They also released sketches of two partially masked female suspects based on vague descriptions provided by the mother-of-two in the wake of her release.
In another twist, investigators disclosed that in the lead up to her disappearance, Ms Papini exchanged text messages with a man in Michigan.
Sgt Jackson told reporters that Ms Papini and the male acquaintance texted each other plans to meet when he was in California on business.
However, detectives flew to Michigan to interview him and subsequently ruled out his involvement in the case, he said.
The revelation explains the mystery trip made by detectives to Michigan between November 9 and November 11 last year, while Ms Papini was still missing.

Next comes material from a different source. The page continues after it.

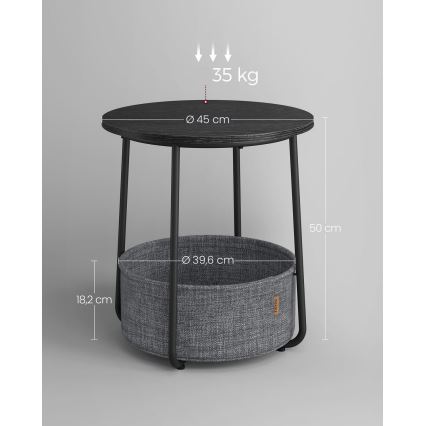 Mesa auxiliar NOIRA negra/gris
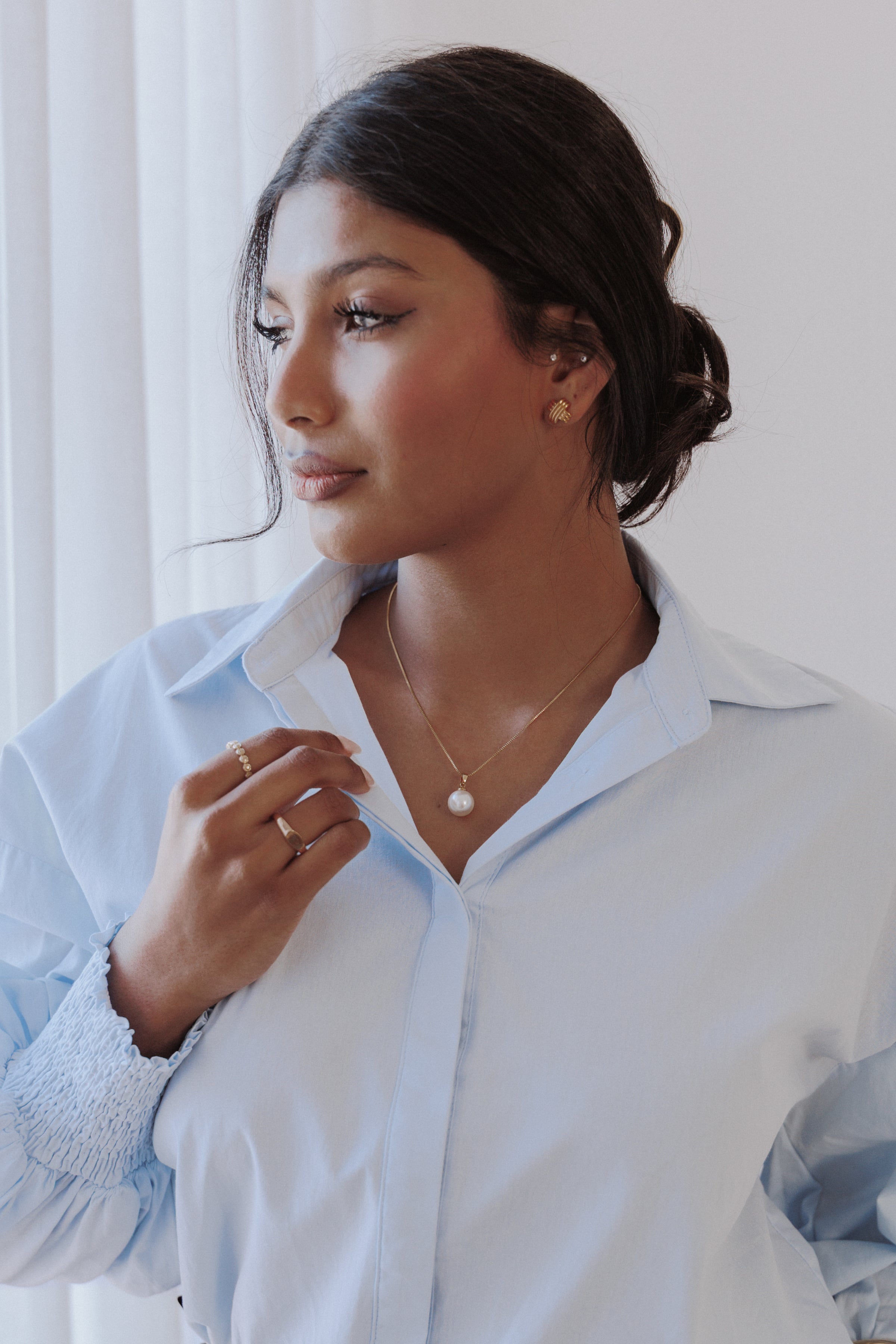 ACCESSORIES Celia Pearl Necklace - Gold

The Sacramento Bee leaked details of the trip in December after obtaining travel receipts showing Shasta County detectives travelled to Detroit and its suburbs of New Hudson, Northville, Plymouth and Canton.
Investigators had previously had refused to explain why they went out of state.
Ms Papini and her family have been in hiding since she was discovered bound and beaten by the side of a highway in Yolo County more than 200km from where she last seen jogging near her Redding home.
The petite blonde had lost a significant amount of weight and bore the scars of having been branded - a skin modification sometimes employed by sex traffickers to signify ownership.
Investigators provided the new details on Wednesday morning local time, along with a pair of FBI sketches of her abductors and a 911 call made by her husband, Keith, recorded on November 2, the day she disappeared.
It is the first new information released by the Shasta County Sheriff's Office about the case since a November 30, 2016 press conference.